*** Opening of DATASET EXTRACT ***

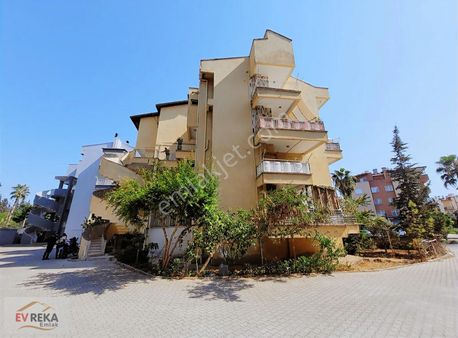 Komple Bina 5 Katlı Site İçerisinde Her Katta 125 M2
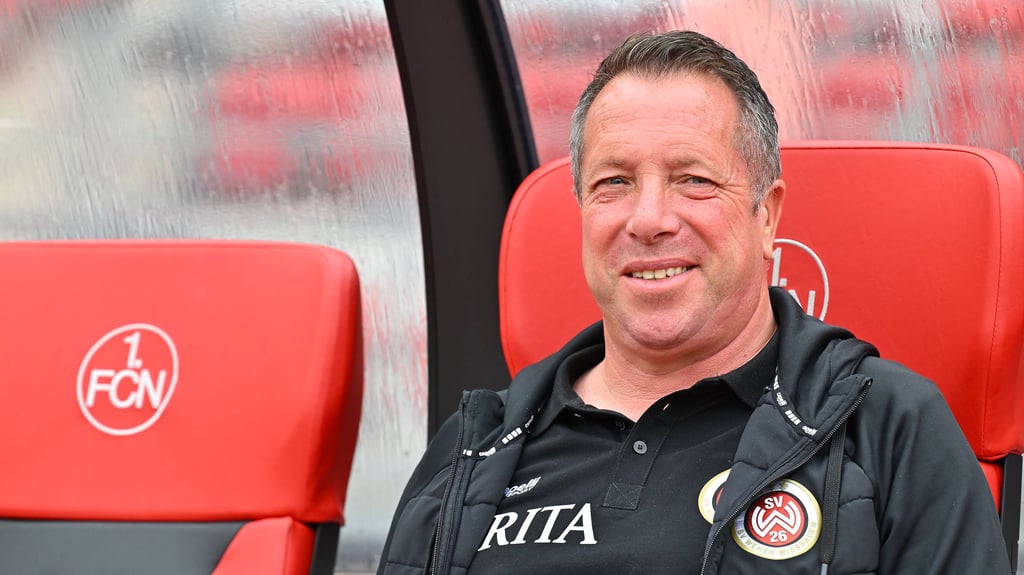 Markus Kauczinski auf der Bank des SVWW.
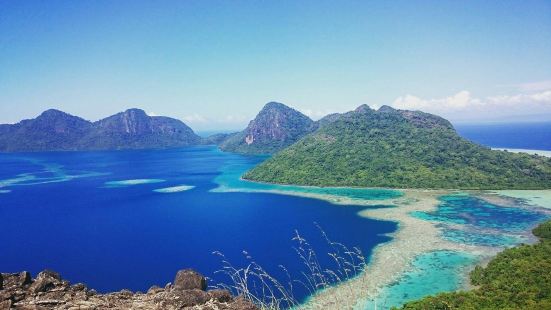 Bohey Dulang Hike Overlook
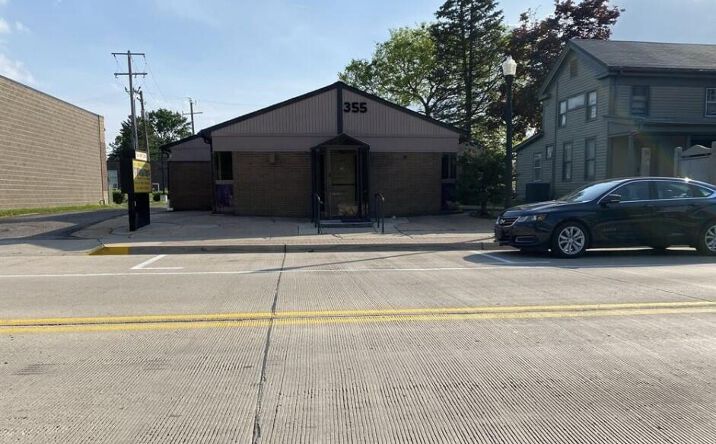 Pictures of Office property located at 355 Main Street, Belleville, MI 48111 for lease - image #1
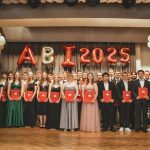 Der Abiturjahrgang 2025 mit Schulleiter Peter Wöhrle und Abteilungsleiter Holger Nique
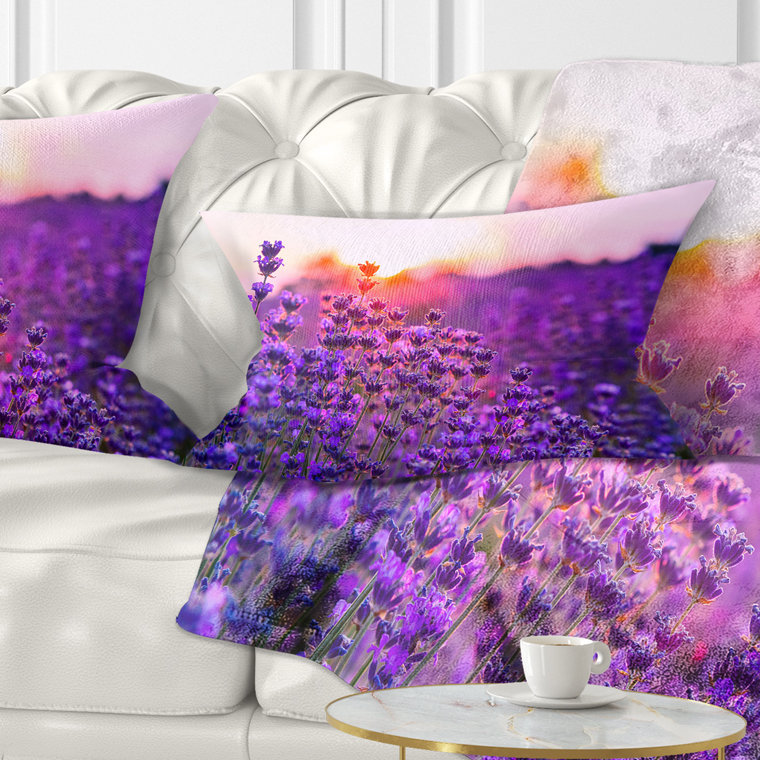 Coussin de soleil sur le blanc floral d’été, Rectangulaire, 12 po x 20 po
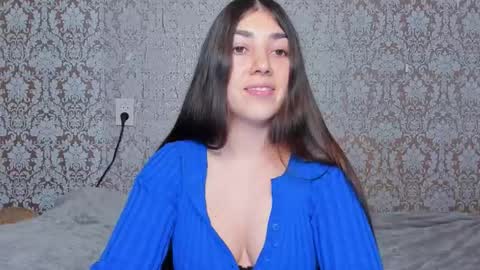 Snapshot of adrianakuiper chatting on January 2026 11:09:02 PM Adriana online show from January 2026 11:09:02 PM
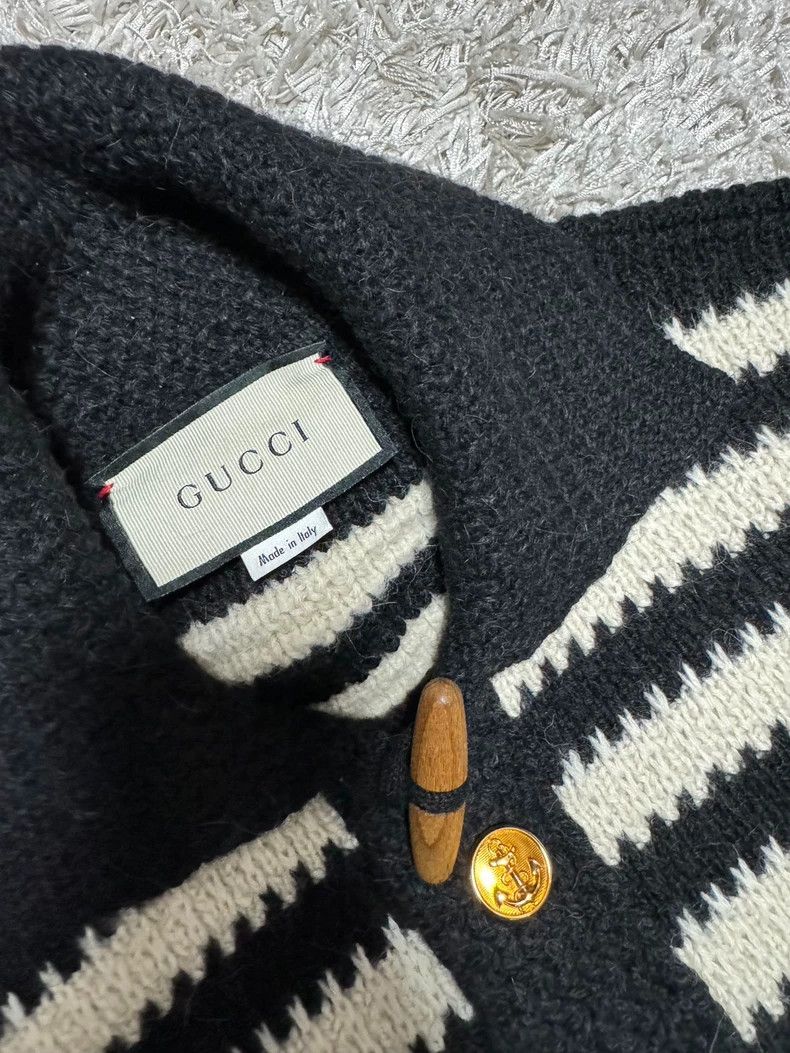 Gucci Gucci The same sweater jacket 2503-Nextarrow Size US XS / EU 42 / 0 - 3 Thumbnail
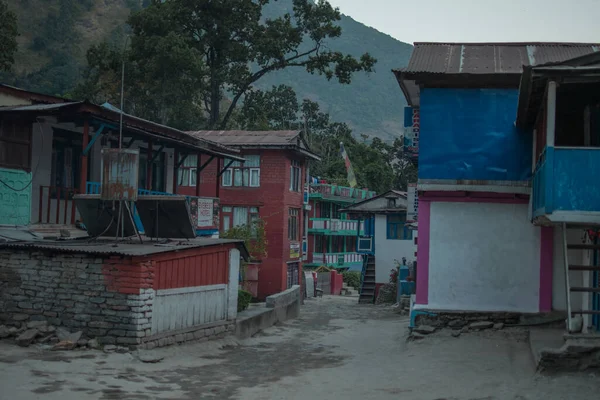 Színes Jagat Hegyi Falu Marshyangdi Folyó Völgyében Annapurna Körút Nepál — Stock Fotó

*** Close of DATASET EXTRACT ***

## INSTRUCTIONS FOR THE TASK
Transcribe all the records above word for word, without their images.

## EXERCISE RESPONSE
 Komple Bina 5 Katlı Site İçerisinde Her Katta 125 M2
 Markus Kauczinski auf der Bank des SVWW.
 Bohey Dulang Hike Overlook
 Pictures of Office property located at 355 Main Street, Belleville, MI 48111 for lease - image #1
 Der Abiturjahrgang 2025 mit Schulleiter Peter Wöhrle und Abteilungsleiter Holger Nique
 Coussin de soleil sur le blanc floral d’été, Rectangulaire, 12 po x 20 po
 Snapshot of adrianakuiper chatting on January 2026 11:09:02 PM Adriana online show from January 2026 11:09:02 PM
 Gucci Gucci The same sweater jacket 2503-Nextarrow Size US XS / EU 42 / 0 - 3 Thumbnail
 Színes Jagat Hegyi Falu Marshyangdi Folyó Völgyében Annapurna Körút Nepál — Stock Fotó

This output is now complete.